Problem to solve
Please output exactly the part of the records below that opens with the line containing "4/23（木）〜5/11（月）" and closes with the line containing "ぜひ トーマスとなかまたちに会いにお越しください🚂✨", both lines included, and nothing else.
(Beginning of Data to examine)
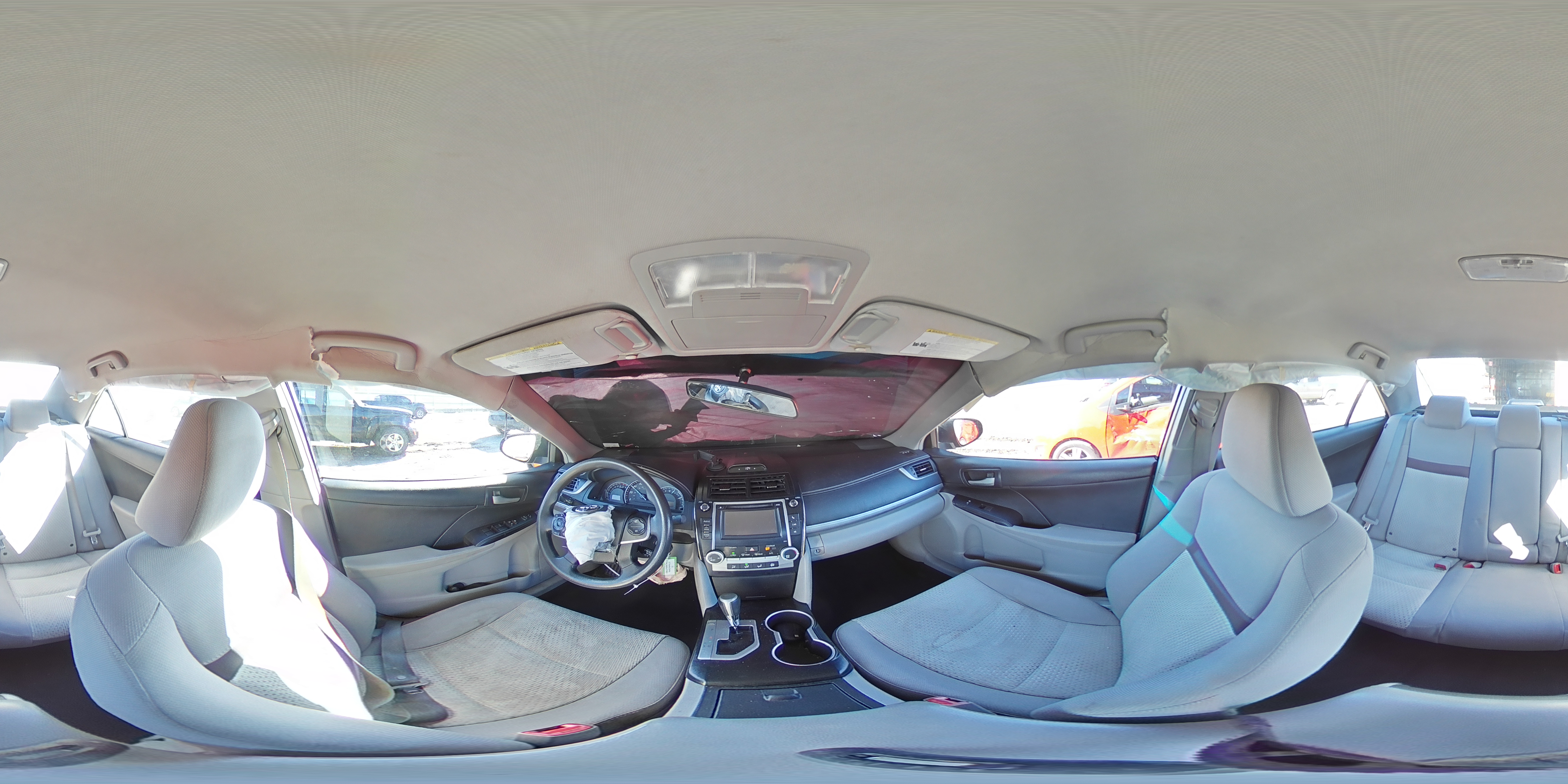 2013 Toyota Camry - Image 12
(End of Data to examine)
(Beginning of Data to examine)
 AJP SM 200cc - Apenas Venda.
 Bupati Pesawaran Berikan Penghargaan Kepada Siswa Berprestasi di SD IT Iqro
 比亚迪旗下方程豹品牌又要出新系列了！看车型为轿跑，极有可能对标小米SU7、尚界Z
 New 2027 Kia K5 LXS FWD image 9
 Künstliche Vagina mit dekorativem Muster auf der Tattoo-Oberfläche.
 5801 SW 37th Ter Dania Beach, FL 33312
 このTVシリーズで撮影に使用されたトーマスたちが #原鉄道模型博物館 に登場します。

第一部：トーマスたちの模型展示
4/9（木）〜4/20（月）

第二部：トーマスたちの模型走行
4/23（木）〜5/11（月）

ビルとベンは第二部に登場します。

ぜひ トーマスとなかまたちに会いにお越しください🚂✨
(End of Data to examine)
(Beginning of Data to examine)
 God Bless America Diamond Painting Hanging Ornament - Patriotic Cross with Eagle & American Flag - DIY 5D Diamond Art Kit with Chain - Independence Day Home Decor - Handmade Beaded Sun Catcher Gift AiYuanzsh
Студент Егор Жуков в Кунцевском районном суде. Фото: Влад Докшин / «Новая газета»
(End of Data to examine)
Problem solution
4/23（木）〜5/11（月）

ビルとベンは第二部に登場します。

ぜひ トーマスとなかまたちに会いにお越しください🚂✨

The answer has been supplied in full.